Schools And Law Enforcement Taking Notice Of Recent Threats
There has been a recent string of bomb threats and cyber attacks at schools across New England. Both schools and law enforcement agencies are paying attention.According to the Associated Press, nearly a dozen schools and colleges in Massachusetts, New Hampshire and Connecticut have received the threats in the past week, forcing evacuations and cancellations.
On Monday, North Adams Police received a call saying two bombs were set to go off on the campus of Massachusetts College of Liberal Arts. The campus was evacuated and no explosives were found. Twenty-one-year-old Jarret Ferriter has been charged with willful communication of a bomb threat. On his Facebook page, Ferriter identifies himself as an MCLA student. Police say Ferriter’s roommate said Ferriter mentioned making a bomb threat to avoid going to class. MCLA public safety director Joseph Charon says the college tries to determine the credibility of a threat when it’s reported.
“That’s a challenge,” Charon said. “So that’s why it’s important to take these types of threats seriously and put personal safety first and foremost at the forefront of our decision-making process. Based on that, you could understand why we chose to evacuate the entire campus given the limited information that we had that initially came in during the report.”

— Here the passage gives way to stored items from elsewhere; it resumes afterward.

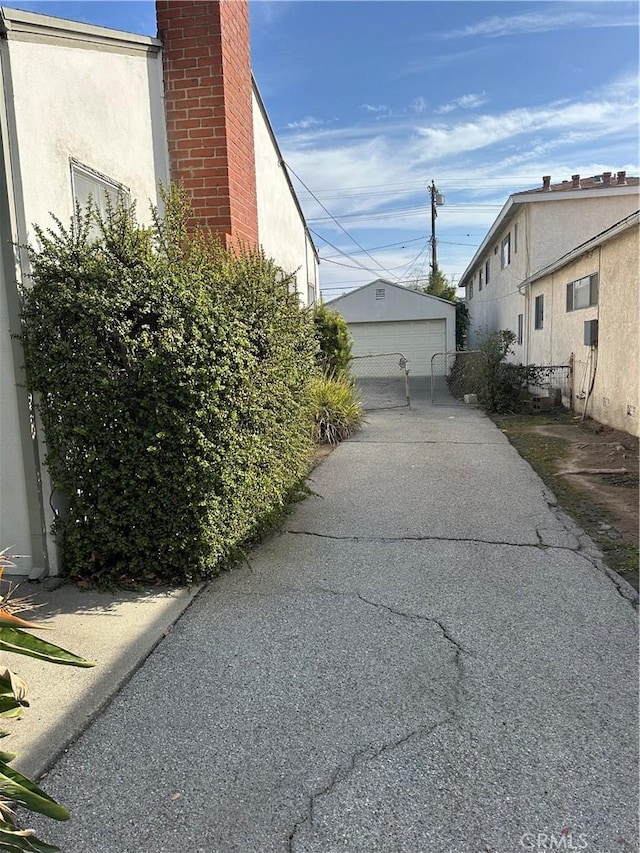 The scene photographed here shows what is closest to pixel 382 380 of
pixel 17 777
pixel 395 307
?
pixel 395 307

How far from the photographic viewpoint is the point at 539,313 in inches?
599

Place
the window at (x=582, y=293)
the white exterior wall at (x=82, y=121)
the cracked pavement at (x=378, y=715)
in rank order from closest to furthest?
the cracked pavement at (x=378, y=715) → the white exterior wall at (x=82, y=121) → the window at (x=582, y=293)

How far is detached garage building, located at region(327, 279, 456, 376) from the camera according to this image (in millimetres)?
22922

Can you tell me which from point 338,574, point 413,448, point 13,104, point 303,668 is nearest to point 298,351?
point 338,574

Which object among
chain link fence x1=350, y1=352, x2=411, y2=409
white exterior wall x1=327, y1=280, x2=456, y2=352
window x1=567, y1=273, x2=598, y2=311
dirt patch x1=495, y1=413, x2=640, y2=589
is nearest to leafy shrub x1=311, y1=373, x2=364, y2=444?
dirt patch x1=495, y1=413, x2=640, y2=589

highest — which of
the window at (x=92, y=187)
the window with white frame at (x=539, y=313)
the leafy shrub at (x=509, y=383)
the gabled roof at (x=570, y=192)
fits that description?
the gabled roof at (x=570, y=192)

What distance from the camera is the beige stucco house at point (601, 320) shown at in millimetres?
8938

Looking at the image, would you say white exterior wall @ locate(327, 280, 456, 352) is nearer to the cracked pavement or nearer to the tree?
the tree

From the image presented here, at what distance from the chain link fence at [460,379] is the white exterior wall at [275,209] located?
14.9ft

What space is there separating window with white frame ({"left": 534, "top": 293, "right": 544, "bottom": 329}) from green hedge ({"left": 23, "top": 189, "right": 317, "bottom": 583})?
41.5 ft

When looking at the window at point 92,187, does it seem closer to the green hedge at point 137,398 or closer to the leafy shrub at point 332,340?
the green hedge at point 137,398

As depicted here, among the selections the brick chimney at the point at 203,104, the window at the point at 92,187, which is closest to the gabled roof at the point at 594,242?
the brick chimney at the point at 203,104

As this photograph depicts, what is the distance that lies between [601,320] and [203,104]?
25.8 feet

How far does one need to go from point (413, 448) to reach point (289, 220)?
4.85m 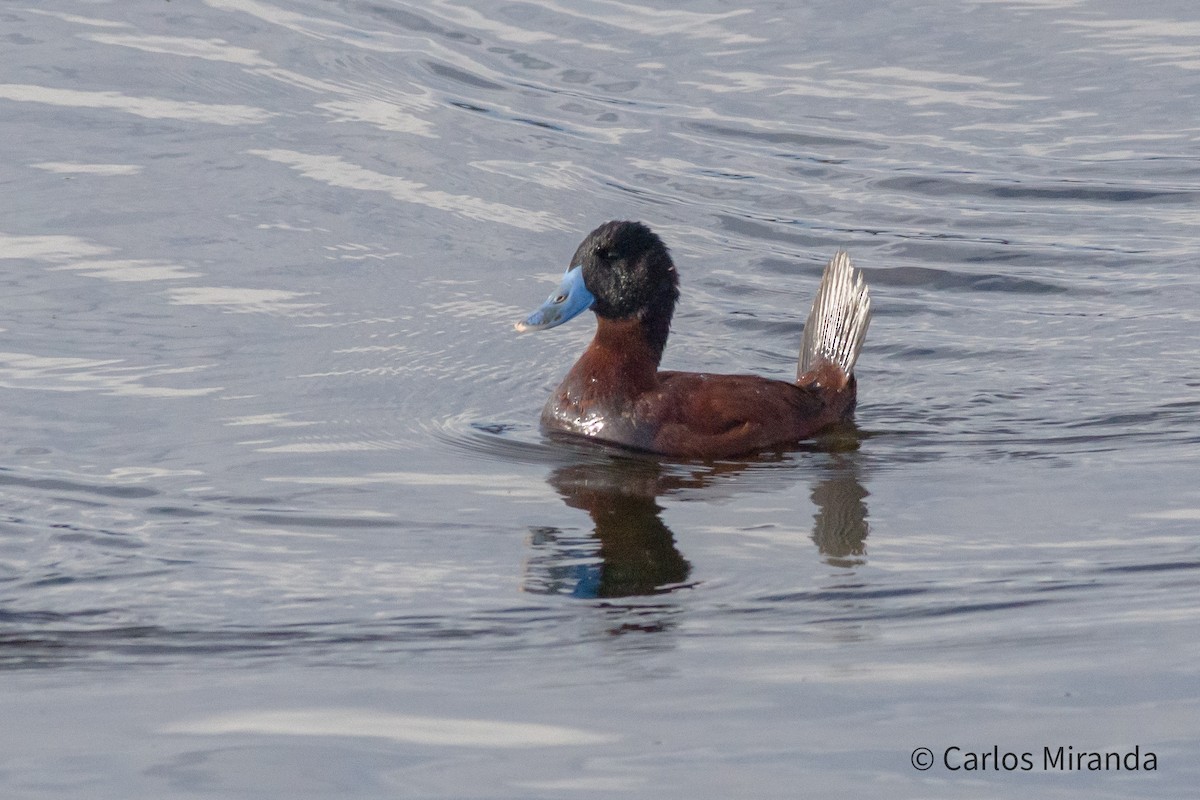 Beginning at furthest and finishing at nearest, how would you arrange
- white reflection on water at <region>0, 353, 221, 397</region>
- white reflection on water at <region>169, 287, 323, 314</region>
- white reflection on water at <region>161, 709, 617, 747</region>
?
white reflection on water at <region>169, 287, 323, 314</region>
white reflection on water at <region>0, 353, 221, 397</region>
white reflection on water at <region>161, 709, 617, 747</region>

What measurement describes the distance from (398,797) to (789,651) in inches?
55.6

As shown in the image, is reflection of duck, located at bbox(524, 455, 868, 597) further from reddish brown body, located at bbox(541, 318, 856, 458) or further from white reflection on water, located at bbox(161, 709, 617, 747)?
white reflection on water, located at bbox(161, 709, 617, 747)

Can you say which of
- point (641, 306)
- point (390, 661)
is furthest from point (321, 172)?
point (390, 661)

A spokesman from nearby Williams College says the school did not take any specific action in response to Monday’s threat at MCLA. On the same day, Winchester High School cancelled classes in the Boston suburb after receiving an emailed threat. Special Agent Mark Karangekis, spokesman for the FBI’s Springfield office, says the FBI is aware of these cases and is working with local authorities and the schools.
The incident at MCLA was the second bomb threat in less than two years. The University of Connecticut experienced a bomb threat in August and several earlier in the spring, according to spokeswoman Stephanie Reitz. The reports turned out to be false, but Reitz says the university urges people to not be complacent or ignore future warnings.

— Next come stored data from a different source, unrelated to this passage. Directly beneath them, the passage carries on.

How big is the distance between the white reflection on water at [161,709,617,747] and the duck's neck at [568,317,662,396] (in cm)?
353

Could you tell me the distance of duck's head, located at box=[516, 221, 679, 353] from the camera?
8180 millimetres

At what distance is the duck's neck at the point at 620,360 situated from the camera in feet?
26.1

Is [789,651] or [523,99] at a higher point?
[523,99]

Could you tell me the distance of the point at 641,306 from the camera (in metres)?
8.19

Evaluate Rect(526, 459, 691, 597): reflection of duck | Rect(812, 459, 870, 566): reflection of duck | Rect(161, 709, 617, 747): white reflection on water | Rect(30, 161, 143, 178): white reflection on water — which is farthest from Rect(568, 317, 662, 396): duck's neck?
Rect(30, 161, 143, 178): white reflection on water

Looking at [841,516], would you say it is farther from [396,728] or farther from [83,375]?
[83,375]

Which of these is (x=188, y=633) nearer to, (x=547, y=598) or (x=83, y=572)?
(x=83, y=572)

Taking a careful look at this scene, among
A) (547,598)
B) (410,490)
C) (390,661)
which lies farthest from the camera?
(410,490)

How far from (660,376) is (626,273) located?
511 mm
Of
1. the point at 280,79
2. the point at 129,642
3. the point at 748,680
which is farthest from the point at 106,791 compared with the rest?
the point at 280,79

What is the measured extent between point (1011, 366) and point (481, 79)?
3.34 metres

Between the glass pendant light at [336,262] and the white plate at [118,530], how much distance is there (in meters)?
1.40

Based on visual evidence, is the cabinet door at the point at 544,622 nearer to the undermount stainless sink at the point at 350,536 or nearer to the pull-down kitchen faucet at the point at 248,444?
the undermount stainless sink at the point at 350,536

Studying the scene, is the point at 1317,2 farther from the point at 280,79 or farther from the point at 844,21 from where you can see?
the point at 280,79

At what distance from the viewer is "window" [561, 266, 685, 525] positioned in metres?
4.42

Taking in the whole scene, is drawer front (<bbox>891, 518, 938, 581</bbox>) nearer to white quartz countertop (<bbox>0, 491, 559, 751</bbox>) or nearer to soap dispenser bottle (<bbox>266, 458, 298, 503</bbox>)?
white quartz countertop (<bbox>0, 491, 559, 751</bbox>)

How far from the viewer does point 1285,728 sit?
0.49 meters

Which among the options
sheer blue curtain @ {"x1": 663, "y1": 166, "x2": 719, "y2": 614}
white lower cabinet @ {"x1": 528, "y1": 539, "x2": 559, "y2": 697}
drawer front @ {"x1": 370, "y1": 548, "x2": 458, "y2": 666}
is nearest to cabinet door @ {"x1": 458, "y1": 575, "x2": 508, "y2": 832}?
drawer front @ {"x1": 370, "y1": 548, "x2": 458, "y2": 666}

“We generally do not know right away if they are going to end up being a hoax or if there is something there,” Reitz said. “So we always, always treat it as if there is a potential danger there and we tell people to let at in that way.”
Special Agent Karangekis says false reports do not degrade the law enforcement response to future reports. Reitz says false reports allow schools to review response plans, but are also extremely disruptive and frustrating.
“I hear that around our campus quite a bit of students who are very frustrated,” she said. “They cannot understand why someone would think that this is a good idea when in this real world of potential dangers we live in, it’s an alarming thing.”
Reitz says the recent incidents at UConn did not originate from someone connected to the university.
“It’s very hard for us to take any sort of a guess from one person to the next as to what their motivation might be,” Reitz said. “But we emphasize very strongly it’s not funny, it’s not cool, it’s immensely illegal and we treat it that way.”
At the beginning of October, a bomb threat led to the evacuation of the relocated Sandy Hook Elementary School in Monroe, Connecticut. The original school in Newtown was torn down last year where a gunman killed 20 first-grade students and six educators in December 2012.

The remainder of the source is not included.